Corriere della Sera, 21 agosto 2015
Egitto, i miliziani sfidano Abdel Fattah Al Sisi nella sua capitale. Un’autobomba è esplosa davanti al palazzo della Sicurezza interna. L’attentato è stato rivendicato sia dai Black-Bloc, un gruppo emerso due anni fa per «opporsi al potere islamico dei Fratelli Musulmani», che dall’Isis. Anche il Cairo diventa sempre più zona di battaglia. Perché gli estremisti vogliono dimostrare che Al Sisi non è in grado di mantenere quello che promette
Domenica ha approvato con una firma i cinquantaquattro articoli della legge anti-terrorismo. Che – proclama il generale diventato presidente – fermerà «gli attacchi dei militanti islamici e la diffusione della loro ideologia». Ieri un’autobomba è esplosa davanti al palazzo della Sicurezza interna, 29 feriti, tra loro soprattutto gli agenti che a quegli attentatori dovrebbero dare la caccia.
I miliziani sfidano Abdel Fattah Al Sisi nella sua capitale, la prima linea resta tra le montagne del Sinai ma anche il Cairo diventa sempre di più zona di battaglia. Perché gli estremisti vogliono dimostrare che il leader non è in grado di mantenere quello che promette: l’ordine e la stabilità per permettere la crescita economica del Paese. I consiglieri del presidente ricordano bene che la rivolta del 2011 contro Hosni Mubarak è scoppiata quando la disoccupazione era salita al livello più alto da dieci anni.
Questa volta i primi a rivendicare la bomba sono stati i militanti del Black Bloc, un gruppo emerso due anni fa per «opporsi al potere islamico dei Fratelli Musulmani», avevano annunciato i suoi fondatori. Sono giovani, ultrà delle squadre di calcio, senza legami con i movimenti no global malgrado lo stesso nome, hanno partecipato alle manifestazioni che hanno portato alla deposizione di Mohammed Morsi, uno dei capi della Fratellanza eletto presidente nel primo voto dopo la caduta di Mubarak.
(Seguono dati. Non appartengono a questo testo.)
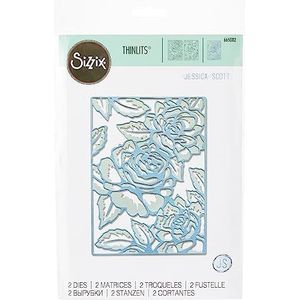 Sizzix Thinlits Die 665082 Floral Lattice by Jessica Scott, 2 Pack, Veelkleurig, One size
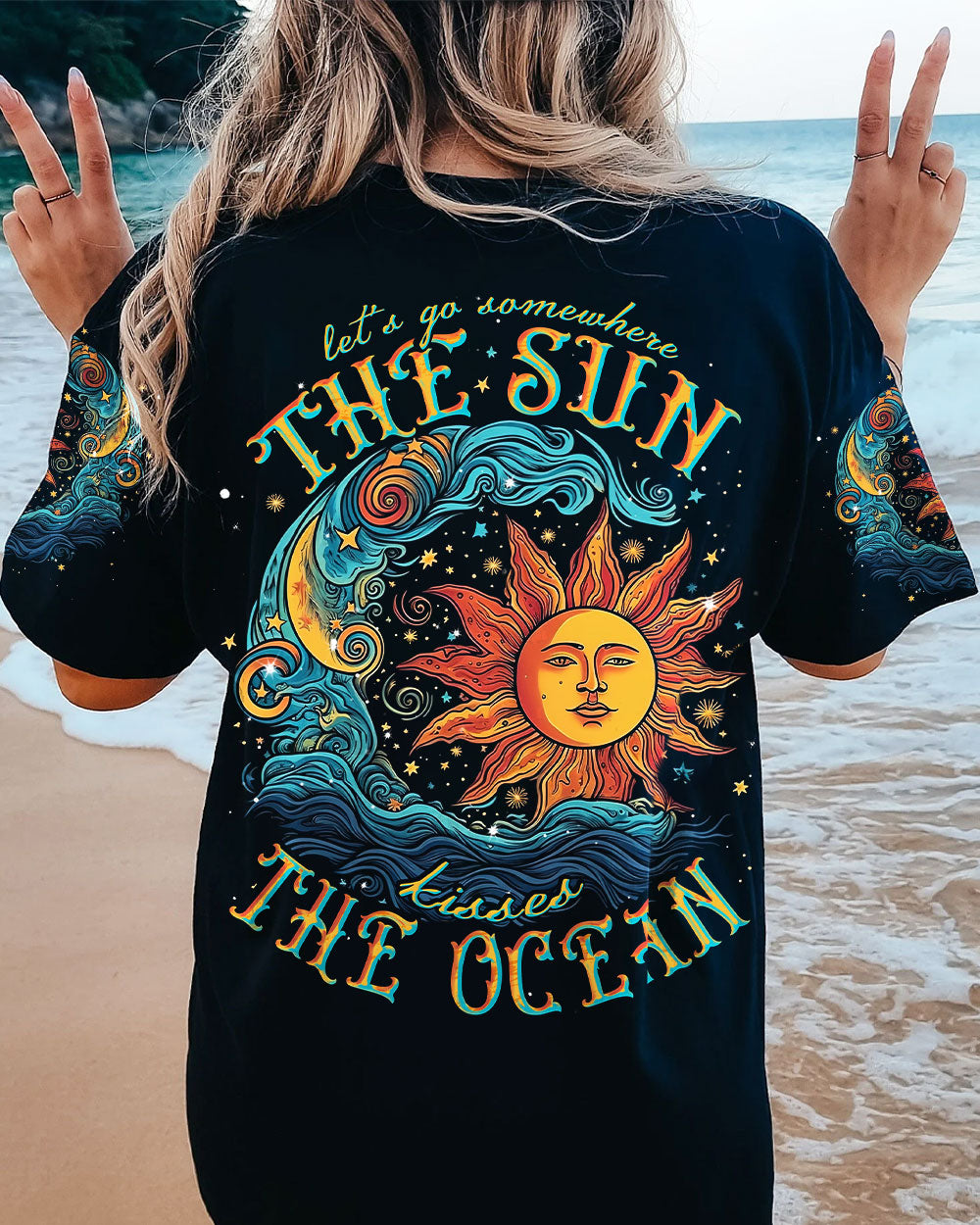 LET'S GO SOMEWHERE THE SUN ALL OVER PRINT - TLNT2405231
Poche ore dopo su Internet è apparso anche il messaggio con il simbolo dello Stato Islamico-Egitto (lo stesso dell’attentato al consolato italiano) che dichiara di aver voluto vendicare «i nostri fratelli e i martiri musulmani. Tutti coloro le cui mani si sono macchiate del sangue dei mujaheddin dovranno aspettarsi il peggio, il loro turno arriverà». Il riferimento sembra essere ai sei uomini impiccati dopo la condanna a morte decisa da un tribunale militare con l’accusa di far parte del gruppo Ansar Bayt Al Maqdis. È l’organizzazione che spadroneggia nel Sinai e lo scorso novembre ha giurato lealtà al Califfato di Abu Bakr Al Baghdadi.
La nuova legge anti-terrorismo è stata criticata da Human Rights Watch e in un editoriale molto duro dal Washington Post. «Passo dopo passo – scrive il quotidiano americano – Sisi ha restaurato e superato la macchina della repressione instaurata da Mubarak». Tra le altre misure punitive, le norme proteggono le forze di sicurezza da qualunque rischio di essere perseguite per il loro operato e definiscono le sanzioni per chi pubblica «false notizie», che significa qualunque informazione diversa da quella decisa e diffusa dal ministero della Difesa.
Il Washington Post fa notare che la legge – «è sembrato uno scherzo di cattivo gusto» – è stata approvata poche settimane dopo la visita di John Kerry, il segretario di Stato americano, che aveva dichiarato «sono sicuro che l’Egitto abbia tutte le buone ragioni per garantire i diritti fondamentali dei suoi cittadini». In questi mesi Kerry e il presidente Barack Obama hanno rafforzato i legami con Sisi che è considerato un alleato nella lotta ai fondamentalisti dello Stato Islamico. Il presidente egiziano sembra mettere in concorrenza gli Stati Uniti e la Russia per chi gli offra più sostegno e aiuti economici: settimana prossima incontra Vladimir Putin a Mosca, dopo che il leader russo è stato al Cairo in febbraio, la prima visita in un decennio.